Ein Wetterbericht aus der Tiefe des Herzens
von Solea Fontaine
–
Es gibt Tage, da trägt der Himmel mein Inneres.
Er verdunkelt sich, wenn mein Herz schwer ist.
Er weint, wenn meine Tränen fehlen.
Er flüstert, wenn ich keine Worte finde.
Ich nenne dieses feine Band zwischen Himmel und Gefühl: Seelenwetter.
Seelenwetter ist kein launisches Wetter. Es ist ein ehrliches.
Es entzieht sich den Prognosen der Welt, folgt weder Kalender noch Plan.
Es kündigt sich nicht an – es ist einfach da.
Still. Wild. Zart. Sturmgebärtig.
☁️ Was ist Seelenwetter?
Seelenwetter ist das, was in uns zieht, tost, flimmert oder aufklart – gespiegelt in der Natur um uns.
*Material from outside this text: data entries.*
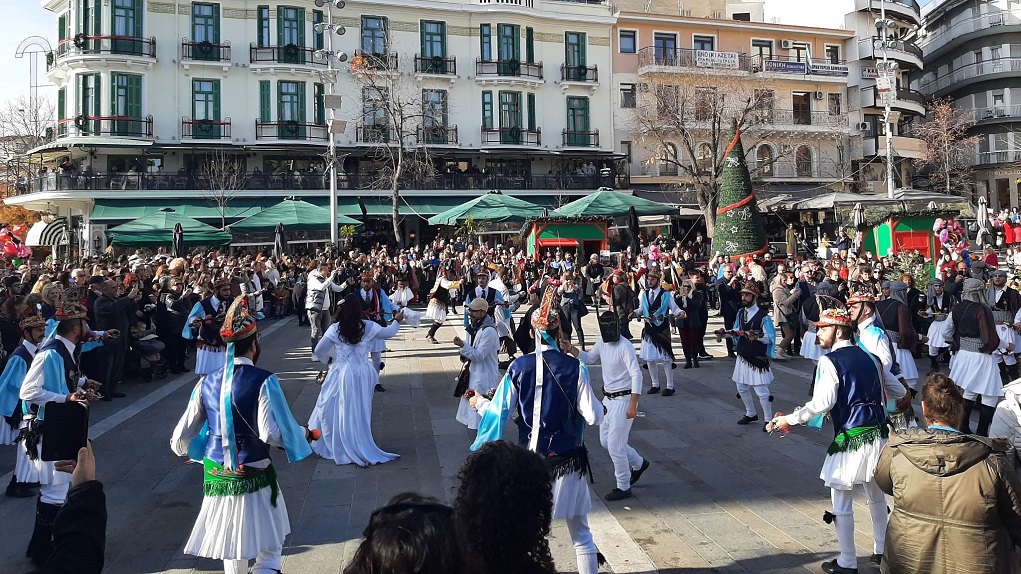 Κοζάνη: Τα Μωμοέρια εξέβανε… – Οι Μωμόγεροι κατέβηκαν στην πλατεία (βίντεο)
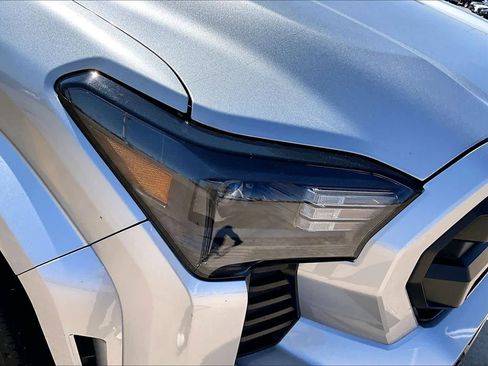 Certified 2024 Toyota Tacoma SR5 image 27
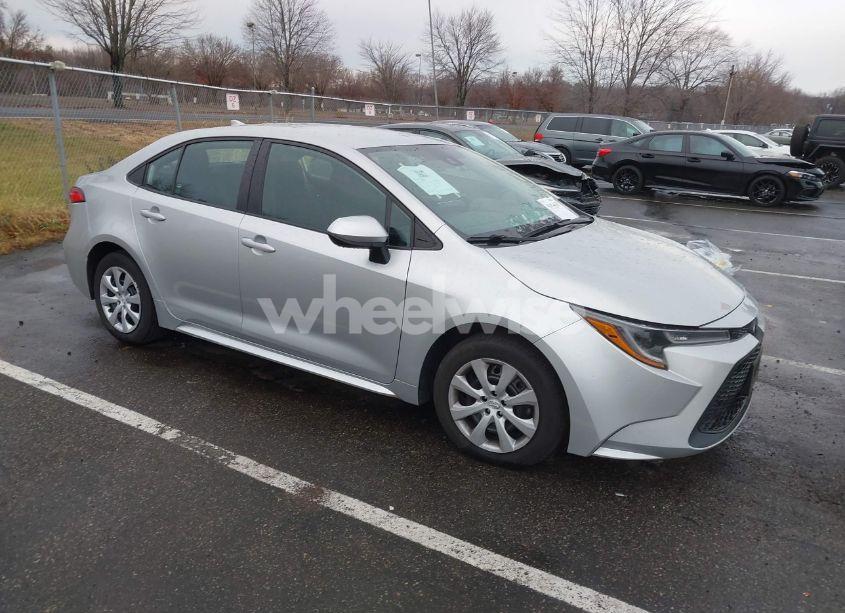 2022 Toyota Corolla LE (VIN 5YFEPMAE2NP275367) main photo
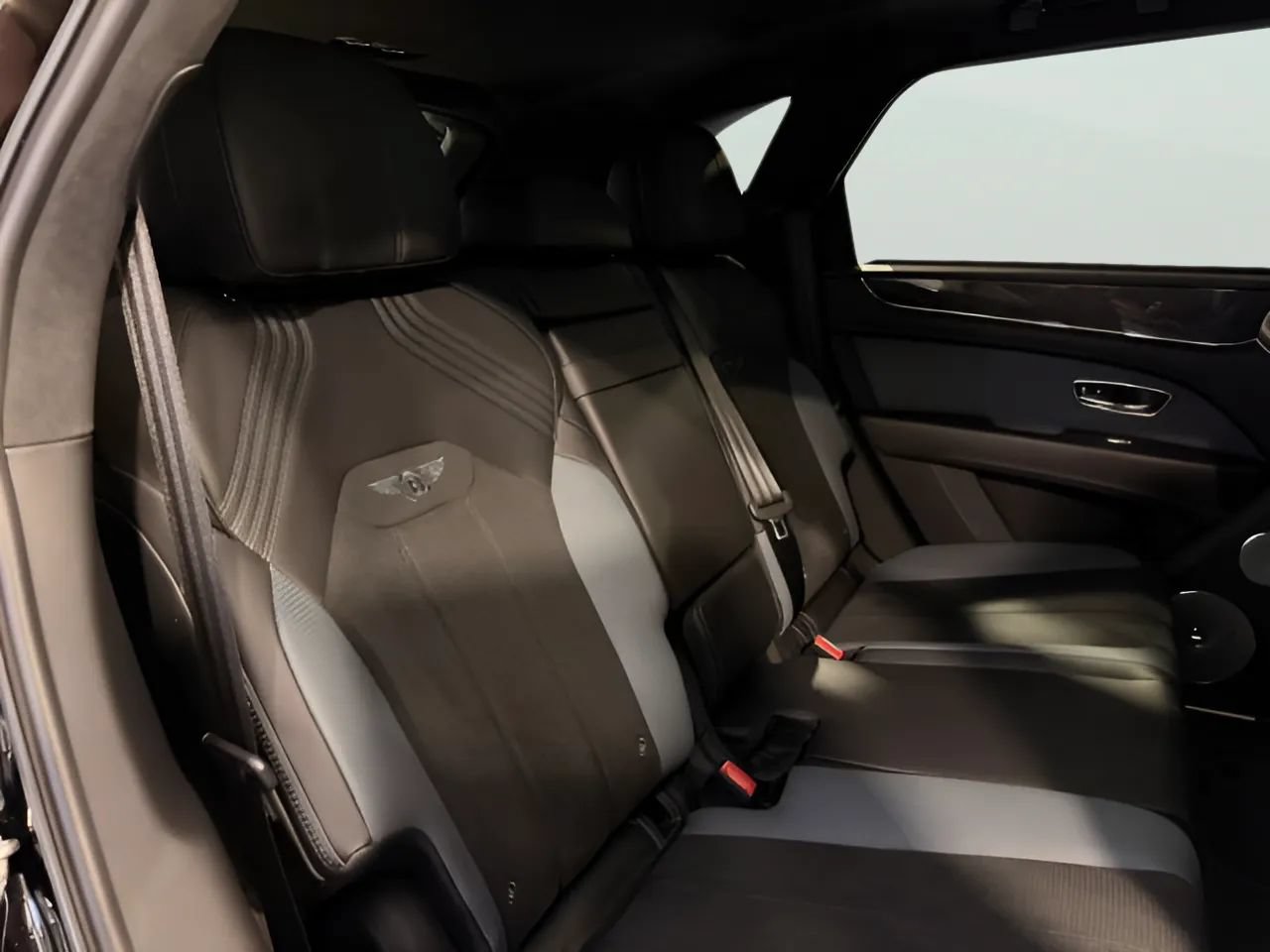 Used 2023 Bentley Bentayga AWD/4WD image 26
Ein nebliger Morgen kann sich wie Melancholie anfühlen.
Ein Sommergewitter wie ein innerer Aufbruch.
Ein kühler Wind wie der Hauch einer alten Erinnerung.
Manchmal trägt das Außen unsere Stimmungen.
Manchmal trägt unsere Seele das Wetter –
und manchmal ist beides eins.
✨Warum sollten wir Seelenwetter achten?
Weil wir zyklische Wesen sind.
Weil unsere Gefühle genauso Wellen schlagen dürfen wie der Ozean.
Weil der Versuch, immer Sonne zu tragen, uns austrocknet.
Weil auch Regen Segen ist.
Seelenwetter lädt uns ein, achtsam zu lauschen:
Was bewegt sich in mir?
Was will gesehen werden?
Welches Klima herrscht in meinem Inneren – und wie kann ich mir heute gut begegnen?
✨ Ein kleines Ritual
Schließe für einen Moment die Augen.
Spüre: Wie fühlt sich das Seelenwetter heute an?
Welche Farben trägt es? Welche Temperatur?
Ist es stürmisch, neblig, klar, golden, frostig, erdschwer?
Dann frage dich:
Was brauche ich bei diesem Wetter?
Vielleicht eine Tasse Tee. Vielleicht Stille. Vielleicht Tanz. Vielleicht nur ein paar Worte:
„Ich sehe dich, liebes Seelenwetter.